The plots in Figure 7 show that a high temperature of the bearing and the gearbox oil sump is also achieved at power lower than 1000 kW and not only at high power production. The temperaturepower analysis was also carried out for other sampling intervals showing similar behavior. This indicates that for partial load the bearings also have a high temperature. Mixed lubricating conditions and loading of bearings and gears activate additives; therefore, a reduction in the additives during this period is expected. As additives deplete, the TAN decreases, as clearly observed in sampling interval 1 in Figure 6b,c. For the next sampling intervals the number of operating hours was variable, but also showing high temperature at low power. As the operating hours of each interval were different, it was not expected to obtain a linear decrease of the additives or TAN. However, we observed that even if sampling interval 2 was longer, TAN and the additives decreased more slowly than in intervals 1 and 3. This is explained by the fact that the turbine operated with a higher power range and higher temperature in intervals 1 and 3, as shown in Table 6. This analysis shows that the higher changes in the additives correlate with the intervals with higher average power, higher bearing temperature, and higher wind speed.
We observed that under these operating conditions and after almost four years, the oil showed only slight signs of degradation and was suitable for further use. Therefore, no detrimental effects on the gearbox due to oil degradation were expected in this particular case. As this wind turbine operated mostly at partial load, it will be meaningful to assess the oil properties’ changes due to combined high temperature and high loads at full power or the effect of extreme temperatures (cold/hot environment) by including more turbines in a similar analysis. However, the oil sampling laboratory results together with SCADA data are mostly confidential and no further data were available to perform an extended analysis.
Even if the analysis with PAO II provided some indications of oil degradation related to the operating conditions of the wind turbine, oils have diverse additive packages that can react differently. In order to better understand the changes in the oil parameters and observe similarities with other oils with the same base stock but a different additive package, a trend analysis was carried out for 14 wind turbines filled with PAO I. For the turbines under analysis, no oil change has taken place. However, the possibility of small refills cannot be totally discarded, as these minor refills are not always documented.

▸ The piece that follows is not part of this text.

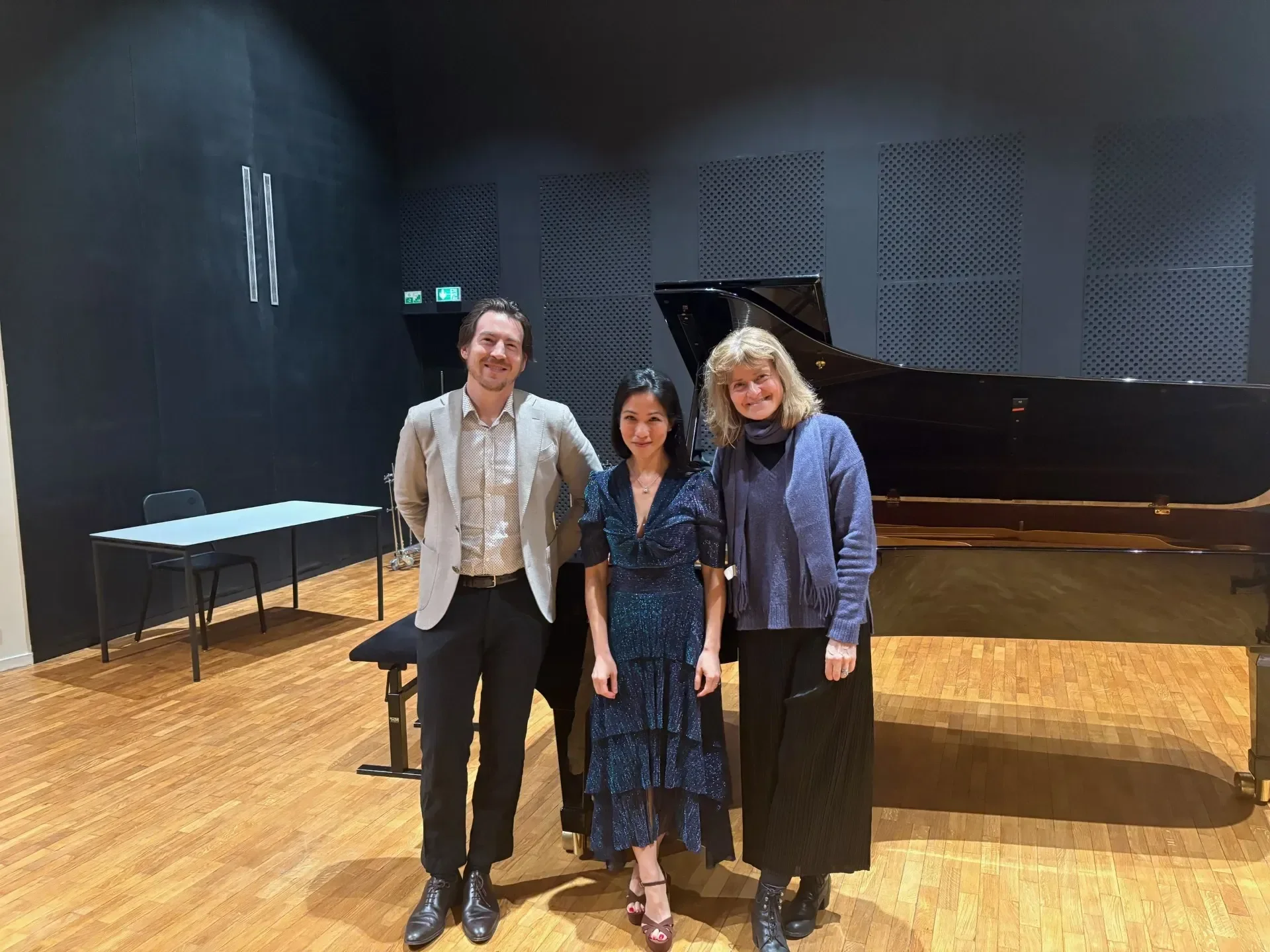 Three people standing in front of a black grand piano in a concert hall with dark walls, wooden floor, a table, and chairs in the background.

The turbines under analysis are divided into two groups:
  • four-year group: This group corresponds to seven turbines with an operating time around four years with two different ranges of the rated power.
  • eight-year group: This group corresponds to seven turbines with an operating time around eight years.
The operating years and the power range of each turbine of the four-year group are shown in Table 7. The results of the trend analysis are shown in Figure 8.
As illustrated in Figure 8, the viscosity tends to decrease at the beginning of the period of analysis. It is important to note that gearboxes are usually filled with a lower-viscosity fluid to be cleaned out. The rest of this fluid could cause this minimal change in the viscosity. After this first slight decrease, the viscosity remains almost constant within the accuracy of the method around ±1%. Similar behavior is observed in the phosphorus content. However, the measured values tend to oscillate and after the end of the analysis period no significant decrease is observed. Concerning the iron content, we observe a progressive increase of chemically bounded iron. The viscosity behavior is similar to that of the turbine filled with PAO II. In contrast to PAO II, the TAN did not show any significant change and is therefore not illustrated in Figure 8. It is important to note that four-year and eight-year designations are related the operating time (active power larger than zero) and not to the calendar time. Therefore, there could be turbines with a longer calendar time than the operating time, as the turbine did not operate continuously throughout the years under analysis.
The operating years and the power range of each turbine of the eight-year group are shown in Table 8. The results of the trend analysis are shown in Figure 9.
The viscosity tends to decrease at the beginning of the period of analysis, as observed for the four-year analysis. As discussed before, the rest of the flushing oil could cause this minimal change in the viscosity. After this first slight decrease, the viscosity values remain almost constant with a variation smaller than 5%. The phosphorus content shows a general trend to decrease. As mentioned previously, the values of phosphorus can vary due to small refills or due to the variation of the concentration of the sample compared to the bulk concentration in the gearbox. Concerning the iron content, we observe a progressive increase of chemically bounded iron, as expected from long normal operation. The TAN did not show any clear trend and no signs of degradation could be seen directly.
This analysis also pointed out that the oil viscosity did not change significantly, even after eight years of operation. In order to verify that the oil viscosity remains relatively constant in wind turbine gearboxes, the viscosity measurements of approx. 200,000 oil samples from the last 10 years were analyzed. As the amount of samples from PAG and the operating time of turbines with this oil were small compared to the other oils, we did not consider PAG for this analysis. Table 9 shows the amount of samples used for the calculation of the oil viscosity at 40 °C and its corresponding standard deviation.
The results show a standard deviation corresponding to less than 4% of the mean viscosity for all oils. The samples exhibited a normal distribution, as shown in Figure 10. Therefore, we can state that 95% of the samples have a variation in viscosity lower than 10% of the mean viscosity. Hence, 95% of the oils under analysis have a viscosity within the limits of the VG 320. This confirms that viscosity in wind turbine gearboxes does not exhibit significant changes during normal operation.

5. Discussion

5.1. Oil Aging in the Laboratory and in the Field

Based on the results of the laboratory oil aging process, we confirmed that oil thickening due to thermal aging took place for all the oils, as can be seen by an increased viscosity of the oil. An increase in the TAN also indicated oil oxidation, as we expected. The behavior of the PAG showed an increase in the TAN, but few changes in the S–P additives. This indicates a difference in the antioxidant content of the PAG. We also observed that the S–P additives in the mineral oil and PAO are highly reduced. According to the review in Section 2.1, S–P could also act as an antioxidant; however, for PAG this was not the case.
The field aging showed, as expected, insignificant changes in the viscosity of the oil and the TAN. A reduction of the TAN for the PAO II was observed, which can be attributed to the slight additive depletion. PAG showed an increase in the TAN, with no increase in the viscosity. However, the changes in the TAN cannot be explained based on this study, as the operating conditions of the wind turbine with the PAG are unknown.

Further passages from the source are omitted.